Stored dataset items
=====
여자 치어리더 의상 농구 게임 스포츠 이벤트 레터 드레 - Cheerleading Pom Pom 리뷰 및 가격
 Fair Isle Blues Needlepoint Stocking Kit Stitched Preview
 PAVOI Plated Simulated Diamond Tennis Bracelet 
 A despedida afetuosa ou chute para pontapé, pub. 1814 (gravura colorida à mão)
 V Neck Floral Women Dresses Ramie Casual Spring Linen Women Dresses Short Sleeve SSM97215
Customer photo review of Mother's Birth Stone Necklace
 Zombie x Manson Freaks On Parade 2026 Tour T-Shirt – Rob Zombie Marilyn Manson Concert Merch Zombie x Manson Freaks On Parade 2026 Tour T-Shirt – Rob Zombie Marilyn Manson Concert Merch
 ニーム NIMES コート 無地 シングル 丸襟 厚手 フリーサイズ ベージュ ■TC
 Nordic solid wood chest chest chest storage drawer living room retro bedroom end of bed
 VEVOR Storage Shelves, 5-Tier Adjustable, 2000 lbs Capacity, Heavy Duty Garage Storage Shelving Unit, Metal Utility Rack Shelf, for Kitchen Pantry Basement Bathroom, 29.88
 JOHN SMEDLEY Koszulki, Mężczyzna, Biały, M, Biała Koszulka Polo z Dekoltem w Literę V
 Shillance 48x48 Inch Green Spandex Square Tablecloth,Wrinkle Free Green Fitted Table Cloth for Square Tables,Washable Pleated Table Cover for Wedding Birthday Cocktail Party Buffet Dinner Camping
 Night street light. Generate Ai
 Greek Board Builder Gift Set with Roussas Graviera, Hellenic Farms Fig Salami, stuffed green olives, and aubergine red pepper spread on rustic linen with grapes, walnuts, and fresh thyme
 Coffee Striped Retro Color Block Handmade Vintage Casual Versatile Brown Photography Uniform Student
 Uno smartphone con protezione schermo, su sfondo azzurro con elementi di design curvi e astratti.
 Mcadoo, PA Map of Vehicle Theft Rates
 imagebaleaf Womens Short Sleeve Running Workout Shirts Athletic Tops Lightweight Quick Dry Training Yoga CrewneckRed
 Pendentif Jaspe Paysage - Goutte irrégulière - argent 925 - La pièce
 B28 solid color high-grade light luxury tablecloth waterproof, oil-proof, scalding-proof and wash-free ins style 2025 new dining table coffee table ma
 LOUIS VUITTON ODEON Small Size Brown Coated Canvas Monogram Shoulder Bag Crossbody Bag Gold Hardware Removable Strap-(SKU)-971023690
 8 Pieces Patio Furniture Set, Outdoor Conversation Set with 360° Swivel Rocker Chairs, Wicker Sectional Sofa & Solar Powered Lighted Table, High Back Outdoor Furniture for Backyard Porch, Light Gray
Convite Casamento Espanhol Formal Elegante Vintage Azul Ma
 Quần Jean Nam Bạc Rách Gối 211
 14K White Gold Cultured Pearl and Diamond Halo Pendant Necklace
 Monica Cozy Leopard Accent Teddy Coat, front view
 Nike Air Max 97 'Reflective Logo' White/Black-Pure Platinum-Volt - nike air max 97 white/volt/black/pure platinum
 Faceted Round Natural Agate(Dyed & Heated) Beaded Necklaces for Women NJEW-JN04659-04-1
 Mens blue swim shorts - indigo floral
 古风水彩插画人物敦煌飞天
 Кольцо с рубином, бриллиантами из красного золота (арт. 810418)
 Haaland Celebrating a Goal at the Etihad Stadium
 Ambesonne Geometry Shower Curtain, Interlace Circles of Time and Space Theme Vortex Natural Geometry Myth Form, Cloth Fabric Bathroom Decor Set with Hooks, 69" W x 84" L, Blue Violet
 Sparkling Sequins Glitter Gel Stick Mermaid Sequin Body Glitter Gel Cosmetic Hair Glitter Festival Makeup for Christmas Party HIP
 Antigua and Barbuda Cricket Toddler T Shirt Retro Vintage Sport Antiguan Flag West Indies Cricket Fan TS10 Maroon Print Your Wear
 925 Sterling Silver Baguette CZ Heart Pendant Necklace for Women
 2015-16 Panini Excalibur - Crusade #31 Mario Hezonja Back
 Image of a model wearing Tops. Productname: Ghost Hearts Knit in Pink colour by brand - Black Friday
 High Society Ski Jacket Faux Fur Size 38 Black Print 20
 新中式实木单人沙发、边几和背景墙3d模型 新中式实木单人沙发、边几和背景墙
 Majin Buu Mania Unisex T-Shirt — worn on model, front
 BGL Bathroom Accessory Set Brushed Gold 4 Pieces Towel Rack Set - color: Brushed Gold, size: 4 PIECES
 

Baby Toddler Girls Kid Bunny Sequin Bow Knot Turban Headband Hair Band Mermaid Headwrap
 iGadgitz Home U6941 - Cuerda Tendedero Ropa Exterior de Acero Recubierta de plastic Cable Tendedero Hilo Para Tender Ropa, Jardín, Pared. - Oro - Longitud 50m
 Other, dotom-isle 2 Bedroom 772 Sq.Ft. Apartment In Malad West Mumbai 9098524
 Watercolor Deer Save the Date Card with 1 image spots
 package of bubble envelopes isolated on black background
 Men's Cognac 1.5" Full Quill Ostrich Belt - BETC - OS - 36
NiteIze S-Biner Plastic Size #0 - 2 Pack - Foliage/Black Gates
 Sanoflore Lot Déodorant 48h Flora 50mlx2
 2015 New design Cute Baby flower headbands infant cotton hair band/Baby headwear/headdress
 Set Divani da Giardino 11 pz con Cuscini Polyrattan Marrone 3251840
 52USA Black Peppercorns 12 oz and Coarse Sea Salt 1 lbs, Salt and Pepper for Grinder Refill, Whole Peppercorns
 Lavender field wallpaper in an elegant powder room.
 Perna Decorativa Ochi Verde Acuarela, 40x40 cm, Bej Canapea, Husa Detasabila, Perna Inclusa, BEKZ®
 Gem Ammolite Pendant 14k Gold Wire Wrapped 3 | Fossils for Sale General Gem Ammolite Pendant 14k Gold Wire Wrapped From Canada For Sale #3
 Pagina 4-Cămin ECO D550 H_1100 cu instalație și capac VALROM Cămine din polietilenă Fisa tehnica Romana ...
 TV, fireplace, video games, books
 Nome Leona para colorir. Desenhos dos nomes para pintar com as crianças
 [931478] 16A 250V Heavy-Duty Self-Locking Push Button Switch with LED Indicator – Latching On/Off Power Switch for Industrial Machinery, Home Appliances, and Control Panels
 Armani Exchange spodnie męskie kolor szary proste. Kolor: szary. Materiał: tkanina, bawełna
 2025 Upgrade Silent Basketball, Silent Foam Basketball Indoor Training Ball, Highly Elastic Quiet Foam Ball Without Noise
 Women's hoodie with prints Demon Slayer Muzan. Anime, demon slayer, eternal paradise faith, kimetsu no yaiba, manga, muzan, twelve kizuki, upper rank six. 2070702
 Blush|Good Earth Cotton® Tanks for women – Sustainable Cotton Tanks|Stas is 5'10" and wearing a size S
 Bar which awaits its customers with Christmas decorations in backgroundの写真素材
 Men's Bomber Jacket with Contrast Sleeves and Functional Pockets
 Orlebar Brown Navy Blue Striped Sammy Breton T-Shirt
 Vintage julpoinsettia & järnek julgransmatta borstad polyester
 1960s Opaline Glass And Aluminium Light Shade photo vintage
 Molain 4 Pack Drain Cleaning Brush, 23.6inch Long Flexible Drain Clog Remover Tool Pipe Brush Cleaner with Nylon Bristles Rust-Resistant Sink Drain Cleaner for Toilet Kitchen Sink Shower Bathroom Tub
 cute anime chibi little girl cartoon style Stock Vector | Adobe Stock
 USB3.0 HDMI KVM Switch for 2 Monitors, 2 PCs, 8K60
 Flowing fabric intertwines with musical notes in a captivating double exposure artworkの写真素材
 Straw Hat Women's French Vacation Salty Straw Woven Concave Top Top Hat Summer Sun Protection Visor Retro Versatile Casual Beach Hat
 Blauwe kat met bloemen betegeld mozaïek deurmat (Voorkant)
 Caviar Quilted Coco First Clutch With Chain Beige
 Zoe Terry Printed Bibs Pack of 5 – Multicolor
=====
Set down, unchanged, only those lines above that fall between the line with "Haaland Celebrating a" and the line with "Baby Toddler Girls", the two end lines included.

* _EXERCISE ANSWER_:
 Haaland Celebrating a Goal at the Etihad Stadium
 Ambesonne Geometry Shower Curtain, Interlace Circles of Time and Space Theme Vortex Natural Geometry Myth Form, Cloth Fabric Bathroom Decor Set with Hooks, 69" W x 84" L, Blue Violet
 Sparkling Sequins Glitter Gel Stick Mermaid Sequin Body Glitter Gel Cosmetic Hair Glitter Festival Makeup for Christmas Party HIP
 Antigua and Barbuda Cricket Toddler T Shirt Retro Vintage Sport Antiguan Flag West Indies Cricket Fan TS10 Maroon Print Your Wear
 925 Sterling Silver Baguette CZ Heart Pendant Necklace for Women
 2015-16 Panini Excalibur - Crusade #31 Mario Hezonja Back
 Image of a model wearing Tops. Productname: Ghost Hearts Knit in Pink colour by brand - Black Friday
 High Society Ski Jacket Faux Fur Size 38 Black Print 20
 新中式实木单人沙发、边几和背景墙3d模型 新中式实木单人沙发、边几和背景墙
 Majin Buu Mania Unisex T-Shirt — worn on model, front
 BGL Bathroom Accessory Set Brushed Gold 4 Pieces Towel Rack Set - color: Brushed Gold, size: 4 PIECES
 

Baby Toddler Girls Kid Bunny Sequin Bow Knot Turban Headband Hair Band Mermaid Headwrap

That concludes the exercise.